Edgar Wright And Simon Pegg Talk The World’s End And Social Science Fiction

By Brent McKnight | Updated

This article is more than 2 years old

Aside from the news that The World’s End has been greenlit, there hasn’t been much in the way of details about the latest team up from Edgar Wright and Simon Pegg. The film is purportedly the third in a loose trilogy that started with Shaun of the Dead, their homage to zombie movies, and continued with Hot Fuzz, their take on adrenaline-fueled action. The question has been what variety of film The World’s End would take aim at, and now it looks like they’re targeting science fiction.

Talking to Empire, Wright says, “It’s a sci-fi comedy.” Pegg is quick to point out that their film is “social science fiction.” If you Wikipedia that term, as the duo suggest you do, you’ll find out that social sci-fi revolves less around technology and space and more on the direction of society. It’s an amalgam of speculative fiction and anthropology. I always think of the classic dystopian novels like Brave New World and 1984, but the subgenre cuts a wide swath subject wise.
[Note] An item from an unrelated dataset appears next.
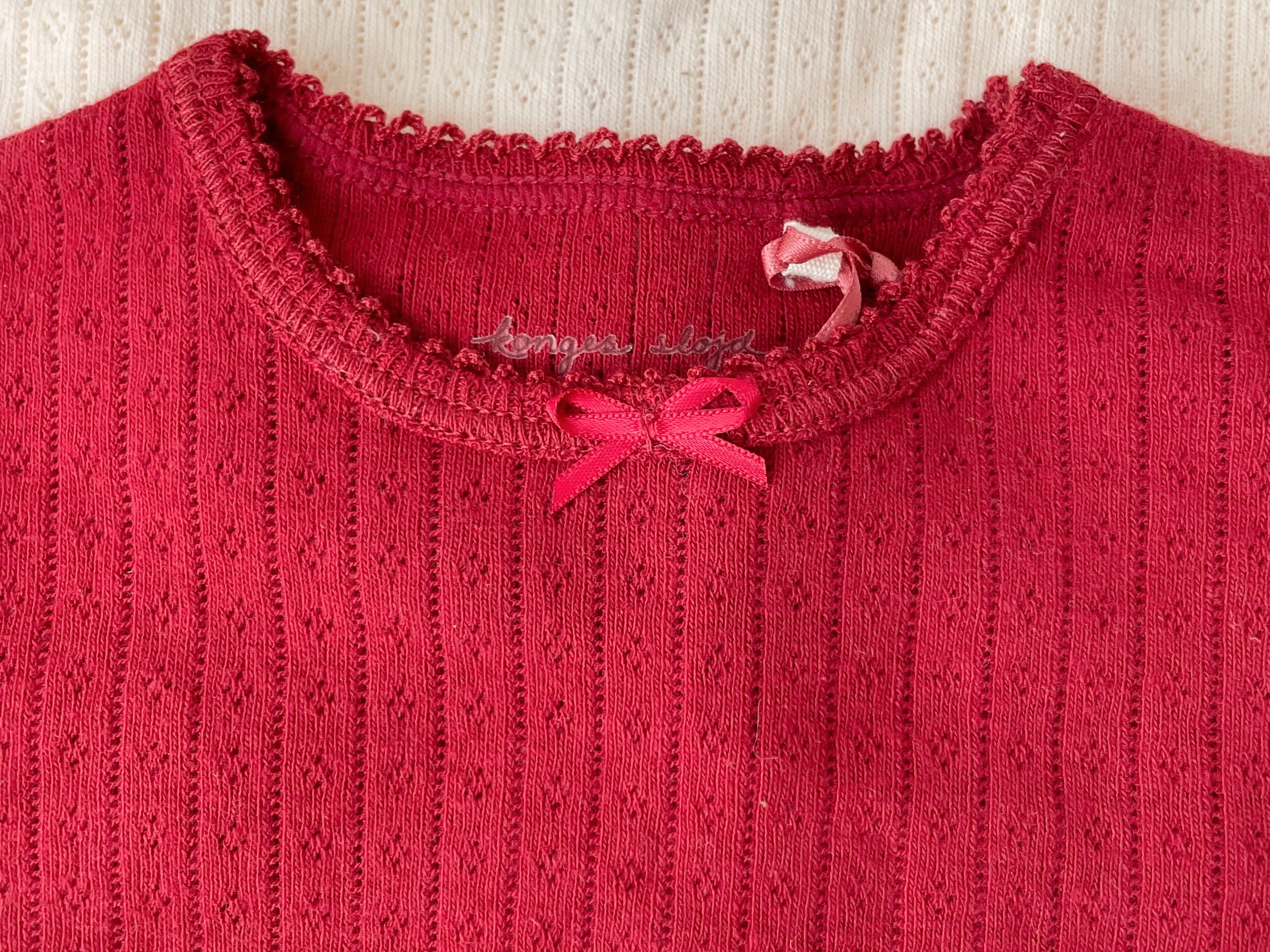 Konges Sløjd A/S Jersey Shirts red dahlia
I’m curious how these elements will mesh with the rest of the plot description. The story involves a group of long time friends on an epic pub-crawl. They try to get through twelve pubs—the final one is called The World’s End—as “a cataclysmic, possibly apocalyptic event, rages around them.”

Wright says, “This is as much about where you grew up as the people you grew up with…it’s also very silly. I would say it’s darker, more personal and more silly.”
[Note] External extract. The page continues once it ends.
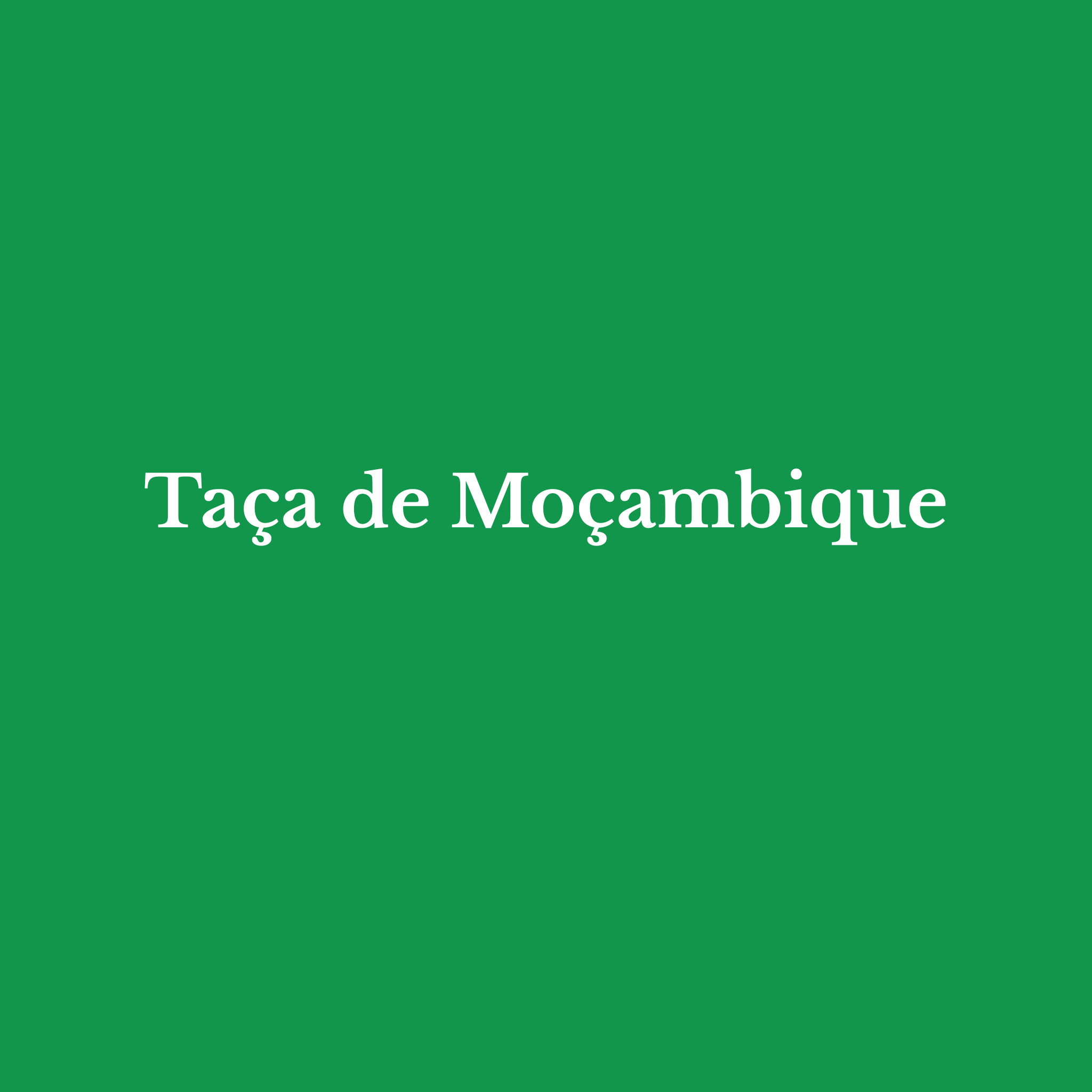 Logótipo oficial de Taça de Moçambique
That sounds nicely in line with Shaun of the Dead and Hot Fuzz. Both have light and fluffy moments coupled with serious darkness. That is the real pleasure of those films, that they function as satire and parody, but at the same time they’re great additions to the genre. Shaun may be a romantic comedy, but it also has everything you want out of a legit zombie movie, and Hot Fuzz is a kickass action film even with all of the ridiculous bits.

Wright and Pegg have an obvious affection and affinity for genres they pick, and they do something new and fun within the existing confines. I can’t wait to see their take on science fiction.